** DATA EXTRACT follows **
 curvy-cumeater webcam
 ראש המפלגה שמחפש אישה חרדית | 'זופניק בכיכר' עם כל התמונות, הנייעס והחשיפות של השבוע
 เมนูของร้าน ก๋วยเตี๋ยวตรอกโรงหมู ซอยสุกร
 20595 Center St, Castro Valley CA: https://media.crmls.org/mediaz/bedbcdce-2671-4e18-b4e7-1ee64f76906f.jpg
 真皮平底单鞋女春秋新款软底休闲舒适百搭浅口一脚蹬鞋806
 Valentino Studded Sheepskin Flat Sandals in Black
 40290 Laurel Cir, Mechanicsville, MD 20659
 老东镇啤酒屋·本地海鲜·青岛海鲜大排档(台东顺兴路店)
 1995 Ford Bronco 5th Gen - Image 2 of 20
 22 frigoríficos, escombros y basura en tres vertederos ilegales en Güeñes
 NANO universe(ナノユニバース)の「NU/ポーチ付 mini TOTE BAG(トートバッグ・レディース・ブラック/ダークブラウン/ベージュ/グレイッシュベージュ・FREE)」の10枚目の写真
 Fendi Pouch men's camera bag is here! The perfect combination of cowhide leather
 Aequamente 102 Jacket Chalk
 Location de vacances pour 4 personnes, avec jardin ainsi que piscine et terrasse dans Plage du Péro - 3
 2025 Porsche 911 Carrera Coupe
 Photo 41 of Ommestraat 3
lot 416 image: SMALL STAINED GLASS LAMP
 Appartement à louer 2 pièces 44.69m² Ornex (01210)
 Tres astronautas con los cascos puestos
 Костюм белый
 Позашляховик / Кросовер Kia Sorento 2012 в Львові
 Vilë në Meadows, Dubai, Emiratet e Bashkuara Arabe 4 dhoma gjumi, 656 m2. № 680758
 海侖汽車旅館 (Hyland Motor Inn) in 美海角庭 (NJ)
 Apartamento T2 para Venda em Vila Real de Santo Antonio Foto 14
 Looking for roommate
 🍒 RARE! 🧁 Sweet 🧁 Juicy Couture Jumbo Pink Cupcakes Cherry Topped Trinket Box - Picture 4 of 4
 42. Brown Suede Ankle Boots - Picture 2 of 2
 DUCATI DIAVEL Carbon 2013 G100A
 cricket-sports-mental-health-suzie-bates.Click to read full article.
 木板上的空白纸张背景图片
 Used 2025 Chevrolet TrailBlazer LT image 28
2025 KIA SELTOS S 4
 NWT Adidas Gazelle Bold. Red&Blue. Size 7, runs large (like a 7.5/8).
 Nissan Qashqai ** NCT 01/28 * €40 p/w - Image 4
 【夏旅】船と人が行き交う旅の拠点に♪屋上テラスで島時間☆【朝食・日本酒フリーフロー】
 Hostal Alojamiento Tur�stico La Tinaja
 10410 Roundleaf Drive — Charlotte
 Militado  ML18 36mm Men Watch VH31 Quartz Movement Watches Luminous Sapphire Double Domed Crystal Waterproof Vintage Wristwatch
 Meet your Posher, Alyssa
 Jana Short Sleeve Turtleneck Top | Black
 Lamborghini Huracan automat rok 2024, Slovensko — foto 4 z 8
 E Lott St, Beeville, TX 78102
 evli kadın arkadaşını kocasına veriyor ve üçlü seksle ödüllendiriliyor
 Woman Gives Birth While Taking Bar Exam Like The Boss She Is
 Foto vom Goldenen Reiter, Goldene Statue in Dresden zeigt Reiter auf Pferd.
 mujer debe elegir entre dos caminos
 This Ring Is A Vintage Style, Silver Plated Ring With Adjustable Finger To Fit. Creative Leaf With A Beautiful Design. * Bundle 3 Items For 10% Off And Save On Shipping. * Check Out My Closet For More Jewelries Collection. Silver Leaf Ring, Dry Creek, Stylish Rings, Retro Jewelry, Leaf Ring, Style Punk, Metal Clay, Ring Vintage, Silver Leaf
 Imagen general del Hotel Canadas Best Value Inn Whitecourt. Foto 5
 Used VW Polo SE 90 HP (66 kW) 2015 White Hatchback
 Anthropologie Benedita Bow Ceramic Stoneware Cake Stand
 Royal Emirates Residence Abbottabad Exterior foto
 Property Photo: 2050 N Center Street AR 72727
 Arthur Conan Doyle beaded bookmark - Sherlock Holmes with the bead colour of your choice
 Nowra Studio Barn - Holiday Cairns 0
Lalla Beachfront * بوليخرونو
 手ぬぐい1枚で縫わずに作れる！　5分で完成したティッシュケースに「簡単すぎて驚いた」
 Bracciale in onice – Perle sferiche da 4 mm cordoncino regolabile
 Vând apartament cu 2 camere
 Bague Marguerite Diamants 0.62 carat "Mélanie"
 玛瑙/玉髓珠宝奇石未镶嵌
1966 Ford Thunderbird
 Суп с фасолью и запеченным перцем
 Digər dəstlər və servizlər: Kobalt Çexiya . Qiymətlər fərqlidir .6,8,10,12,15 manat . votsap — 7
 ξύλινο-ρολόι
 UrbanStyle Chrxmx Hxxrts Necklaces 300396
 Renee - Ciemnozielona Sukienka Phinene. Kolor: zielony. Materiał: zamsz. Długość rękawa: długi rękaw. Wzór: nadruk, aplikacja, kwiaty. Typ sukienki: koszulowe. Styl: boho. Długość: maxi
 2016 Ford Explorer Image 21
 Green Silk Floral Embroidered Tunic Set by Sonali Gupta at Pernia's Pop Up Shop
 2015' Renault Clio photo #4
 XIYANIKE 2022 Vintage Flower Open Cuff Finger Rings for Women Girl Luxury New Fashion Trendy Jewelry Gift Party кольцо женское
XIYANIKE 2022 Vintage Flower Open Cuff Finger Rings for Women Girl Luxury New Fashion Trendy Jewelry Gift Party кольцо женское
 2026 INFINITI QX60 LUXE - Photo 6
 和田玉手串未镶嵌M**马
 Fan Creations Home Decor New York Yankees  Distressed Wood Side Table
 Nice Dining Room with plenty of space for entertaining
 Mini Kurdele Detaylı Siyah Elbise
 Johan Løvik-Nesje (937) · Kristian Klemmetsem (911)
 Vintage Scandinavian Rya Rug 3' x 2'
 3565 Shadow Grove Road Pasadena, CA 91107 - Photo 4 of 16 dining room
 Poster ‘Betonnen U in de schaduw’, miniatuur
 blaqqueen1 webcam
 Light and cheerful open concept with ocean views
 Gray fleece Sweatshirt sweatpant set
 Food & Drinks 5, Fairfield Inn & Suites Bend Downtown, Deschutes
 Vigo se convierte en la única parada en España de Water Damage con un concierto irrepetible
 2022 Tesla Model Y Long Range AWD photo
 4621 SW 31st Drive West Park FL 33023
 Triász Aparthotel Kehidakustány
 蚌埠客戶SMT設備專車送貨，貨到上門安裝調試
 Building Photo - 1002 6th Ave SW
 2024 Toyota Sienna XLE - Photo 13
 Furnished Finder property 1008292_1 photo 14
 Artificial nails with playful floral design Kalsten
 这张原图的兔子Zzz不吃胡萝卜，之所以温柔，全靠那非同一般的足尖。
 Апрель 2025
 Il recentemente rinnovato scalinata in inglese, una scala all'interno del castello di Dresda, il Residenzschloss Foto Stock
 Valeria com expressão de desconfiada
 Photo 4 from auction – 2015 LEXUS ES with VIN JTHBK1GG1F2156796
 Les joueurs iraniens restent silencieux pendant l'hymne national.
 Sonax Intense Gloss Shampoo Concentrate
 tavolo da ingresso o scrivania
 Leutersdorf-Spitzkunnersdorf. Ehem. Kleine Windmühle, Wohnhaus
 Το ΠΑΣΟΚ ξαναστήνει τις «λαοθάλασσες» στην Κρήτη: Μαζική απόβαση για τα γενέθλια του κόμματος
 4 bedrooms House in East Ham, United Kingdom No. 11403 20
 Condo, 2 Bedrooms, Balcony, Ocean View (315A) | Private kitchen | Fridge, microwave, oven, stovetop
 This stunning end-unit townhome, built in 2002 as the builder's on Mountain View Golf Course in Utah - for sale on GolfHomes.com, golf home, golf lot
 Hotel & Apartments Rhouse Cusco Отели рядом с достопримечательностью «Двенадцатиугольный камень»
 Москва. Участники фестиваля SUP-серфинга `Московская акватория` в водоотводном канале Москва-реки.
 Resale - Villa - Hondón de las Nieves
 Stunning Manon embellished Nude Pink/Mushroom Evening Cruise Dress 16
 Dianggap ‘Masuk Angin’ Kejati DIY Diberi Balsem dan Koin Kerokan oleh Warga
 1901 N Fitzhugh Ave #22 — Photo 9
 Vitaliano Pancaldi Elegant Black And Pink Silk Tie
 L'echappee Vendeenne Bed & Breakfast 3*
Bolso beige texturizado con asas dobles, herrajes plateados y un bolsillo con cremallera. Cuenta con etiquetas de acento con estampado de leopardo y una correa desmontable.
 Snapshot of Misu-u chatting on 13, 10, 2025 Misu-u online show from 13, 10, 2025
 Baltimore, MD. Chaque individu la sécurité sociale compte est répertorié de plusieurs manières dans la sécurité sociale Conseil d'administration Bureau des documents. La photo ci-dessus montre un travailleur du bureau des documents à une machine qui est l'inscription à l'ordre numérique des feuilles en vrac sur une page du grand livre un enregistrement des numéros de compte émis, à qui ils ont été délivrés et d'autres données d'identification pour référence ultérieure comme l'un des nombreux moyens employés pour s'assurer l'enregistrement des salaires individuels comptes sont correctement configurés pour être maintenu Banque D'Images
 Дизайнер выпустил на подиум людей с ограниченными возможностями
** End of DATA EXTRACT **
= WORK TASK =
The lines above, starting at the one with "42. Brown Suede Ankle Boots - Picture 2 of 2" and ending at the one with "Jana Short Sleeve Turtleneck Top | Black", are the only ones to return, exactly as written.

= EXERCISE ANSWER =
 42. Brown Suede Ankle Boots - Picture 2 of 2
 DUCATI DIAVEL Carbon 2013 G100A
 cricket-sports-mental-health-suzie-bates.Click to read full article.
 木板上的空白纸张背景图片
 Used 2025 Chevrolet TrailBlazer LT image 28
2025 KIA SELTOS S 4
 NWT Adidas Gazelle Bold. Red&Blue. Size 7, runs large (like a 7.5/8).
 Nissan Qashqai ** NCT 01/28 * €40 p/w - Image 4
 【夏旅】船と人が行き交う旅の拠点に♪屋上テラスで島時間☆【朝食・日本酒フリーフロー】
 Hostal Alojamiento Tur�stico La Tinaja
 10410 Roundleaf Drive — Charlotte
 Militado  ML18 36mm Men Watch VH31 Quartz Movement Watches Luminous Sapphire Double Domed Crystal Waterproof Vintage Wristwatch
 Meet your Posher, Alyssa
 Jana Short Sleeve Turtleneck Top | Black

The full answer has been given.